Satisfaction, satisfaction, I'll give you no satisfaction;

My body's made of iron; my legs are made of steel.

My arms are made of solid brass; do you want to have a feel?

(King George feels Turkish Knight’s bicep)

They fight, and during this the OLD WOMAN enters sweeping with her besom broom. After a mock sword fight, KING GEORGE stabs (Or pulls a revolver and shoots) the Turkish Knight and he falls to the ground.

OLD WOMAN: (In drag and carrying a besom broom)

Oh, Oh. King George, what hast thou done? (Hitting King George with her broom)

Thou hast killed my only son. Is there a doctor can be found?

To cure this bleeding man, I mean, this man bleeding on the ground?

Is there a doctor to be found to cure him of his grievous wound? (Wound rhymed with ground)

Ten pounds for a Doctor!


Fifteen pounds to stay away!


Twenty pounds for a doctor and not a penny more.

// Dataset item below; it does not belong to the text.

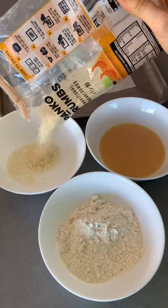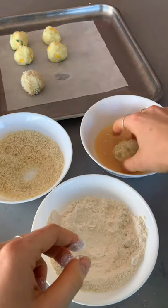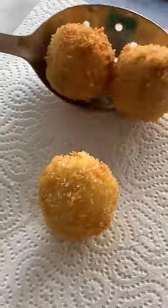After about 30 minutes, prepare your crumbing station and dredge your croquettes first in flour, then beaten eggs, and then breadcrumbs, making sure to keep one hand for dry ingredients and one for wet. Fry them for around five to six minutes until they're nice and golden, and that's pretty much it.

ITALIAN DOCTOR: (Dressed like a Pox Doctor’s Clerk, enters with Dobbin (The venerable and respected Ravensbourne Hooden Horse) making farting noises with a concealed Whoopee Cushion.

In comes I, an Italian Doctor Just lately come from Spain.

And this is Dobbin, the Incredible Farting Horse!

(Dobbin makes more farting noises)

OLD WOMAN: (Looking him up and down)

You’re a doctor? How did you become a Doctor?


By my travels, madam.


Where have you travelled?


Italy, Germany, France and Spain

All around (Name local area) and back again.


So what can you cure?


I can cure the itch, the stitch, the bone, the stone the palsy, pox and gout.

The pains that lie within and the pains that lie without.

I can heal the sick and cure the lame. And best of all, ladies, (Archly)

I can make dead things to rise again.

(A cane or some other phallic prop is slowly raised to the upright – the cast should join in with swords, bell handle and broom handle raised to the upright then pushed down again)


Then try your skill, Doctor.


(After some messing around with various paraphernalia from the Doctors Bag and performing a bollockectomy with washing tongs and two walnuts in a stocking)

I have a little bottle in my waistcoat pocket.

It’s called the golden frosty drop (produces small bottle)

If I pour a drop on his nose, thus. (does so)

And a drop on the roof of his tongue, thus (does so)

And say to him, arise, go home and tell your country

What a European migrant worker has done for thee.

(TURKISH KNIGHT recovers and walks away)

JOHNNIE JACK: (should be the smallest man, and has sewn onto his jacket-back a piece of cardboard about 18” square, with 5 dolls - the biggest in the middle)

In comes I. Little Johnnie Jack,

With my wife and family on my back.

My family is large and I am small,

But a very little helps us all.


A jug of brown ale makes us merry and sing;

Money in our pockets is a very fine thing.

Now ladies and gentlemen, just at your ease.

You may give us Christmas Champions just what you please.

The performance finishes with a verse and chorus of 'We Wish You A Merry Christmas' followed by hearty cries of Merry Christmas! as the players exit. (Leaving Little Johnnie Jack to go around with the hat).